▸ **EXERCISE REQUIREMENTS**
Please print the line that holds "Bolga straw basket blue/natural" and each line after it to the end of the data, word for word, without any pictures.

Segment Open

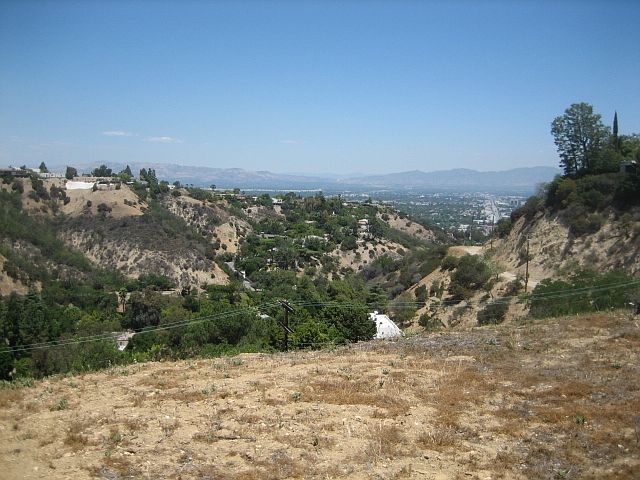 5001 Beverly Glen Blvd, Sherman Oaks, CA 91423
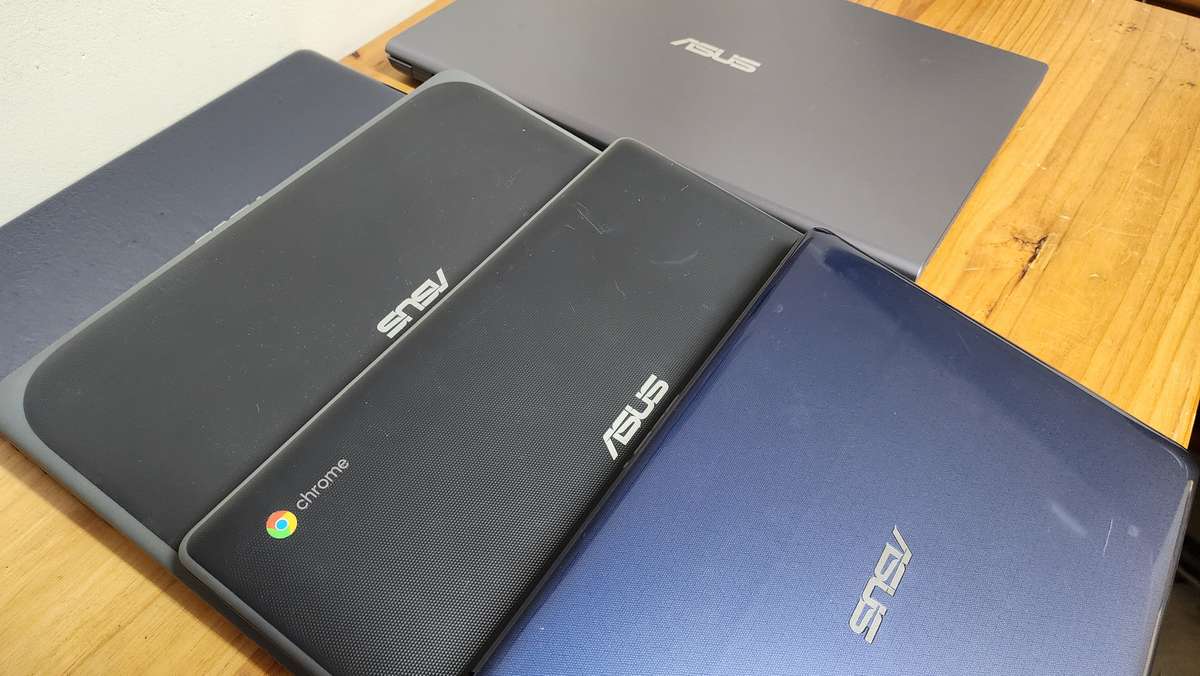 One Lot containing 5 x Asus Notebooks (See Details)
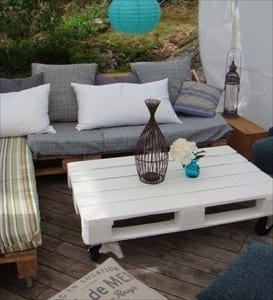 Outdoor Sofas from Wooden Pallets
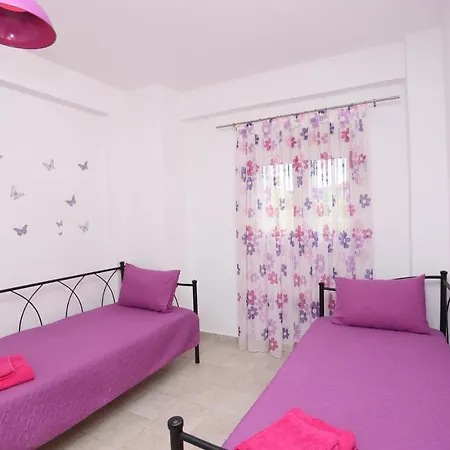 Luxury شقة بوليخرونو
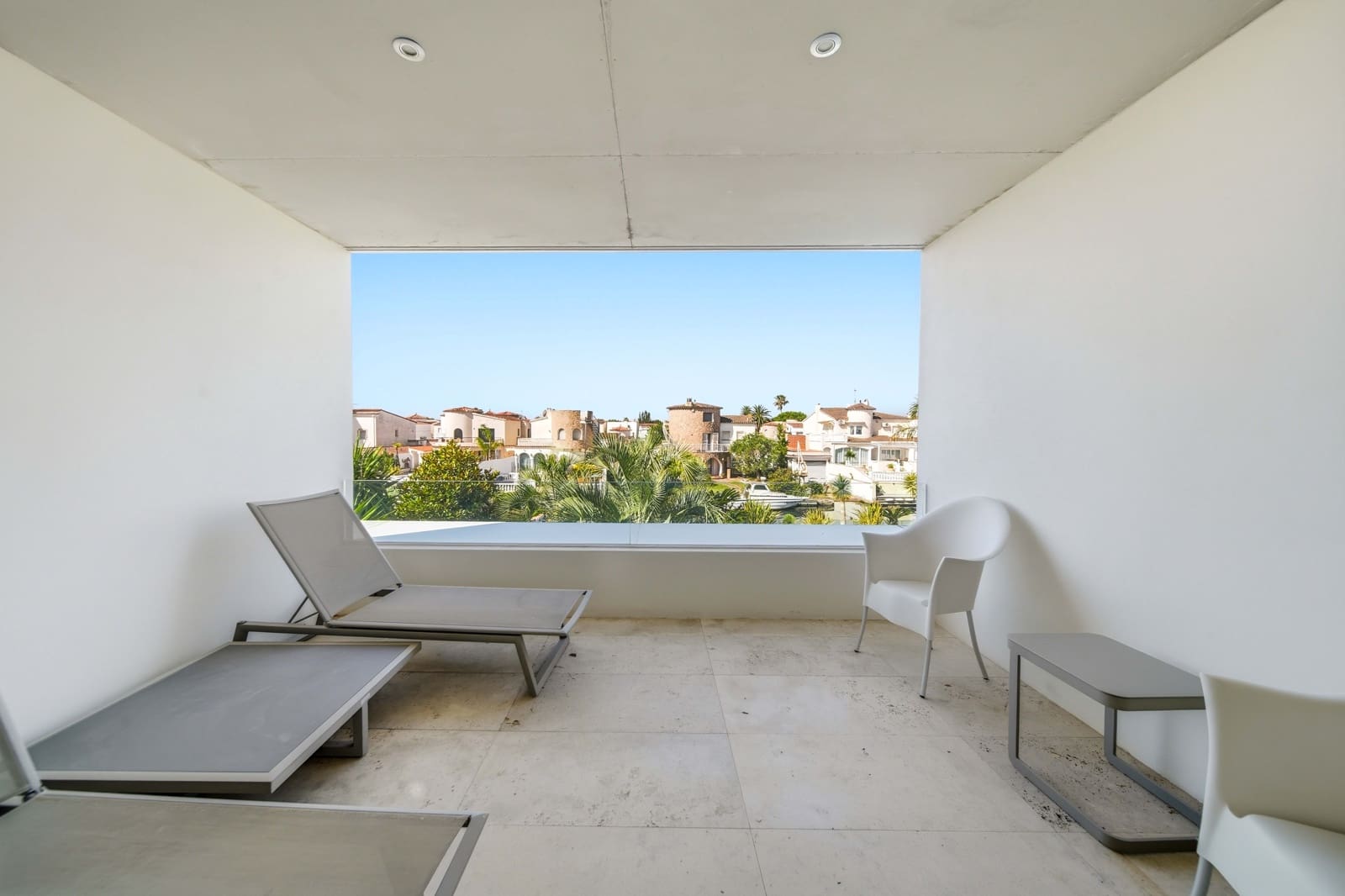 4 bedroom Villa for sale in Empuriabrava with pool - € 2,995,000 (Ref: 9944858)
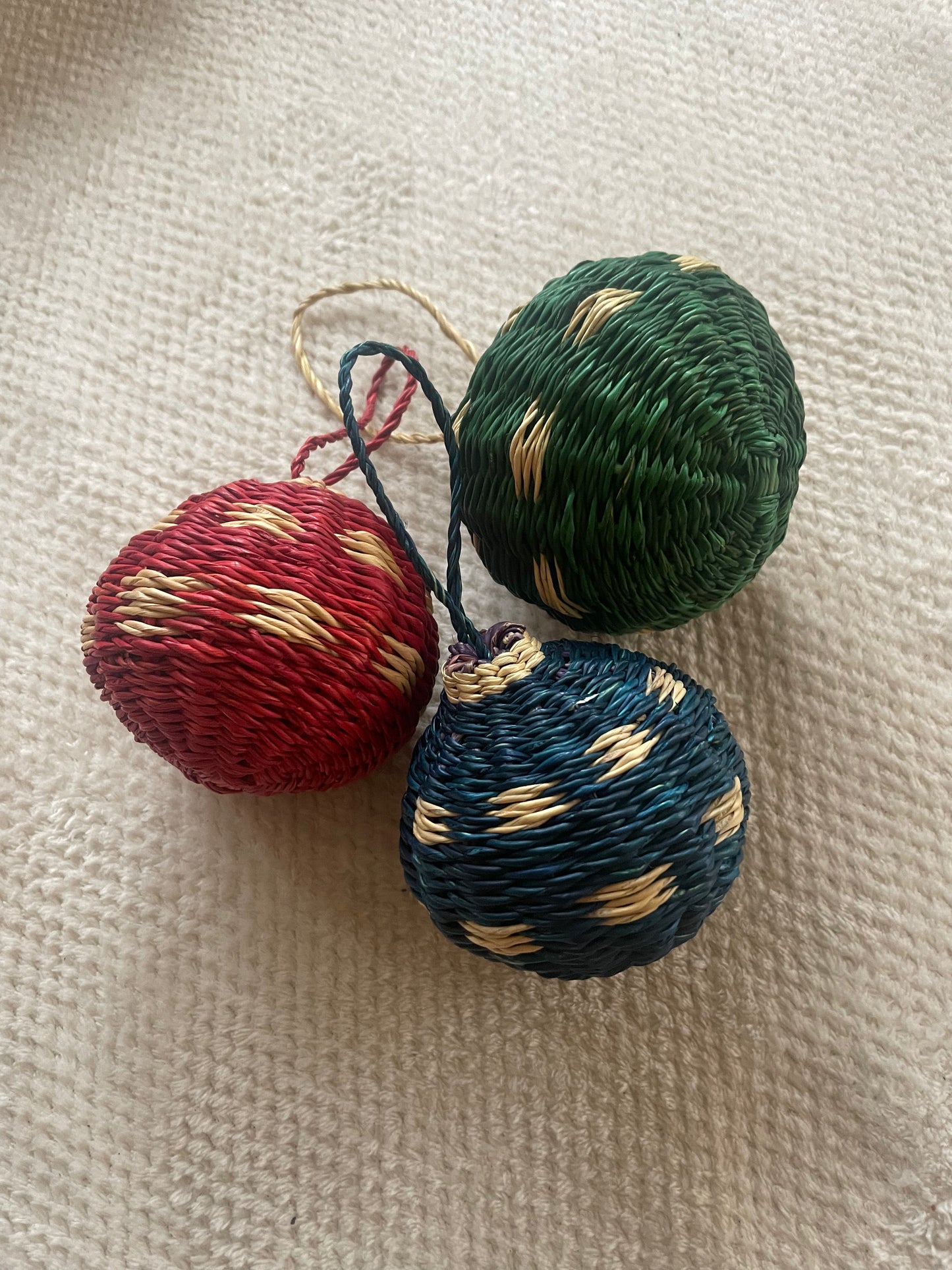 Bolga straw basket blue/natural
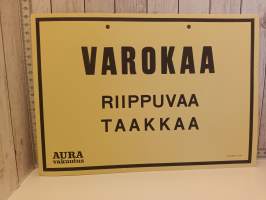 Varokaa riippuvaa taakkaa   varoituskyltti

Segment Closed

▸ **RESULT BELOW**
 Bolga straw basket blue/natural
 Varokaa riippuvaa taakkaa   varoituskyltti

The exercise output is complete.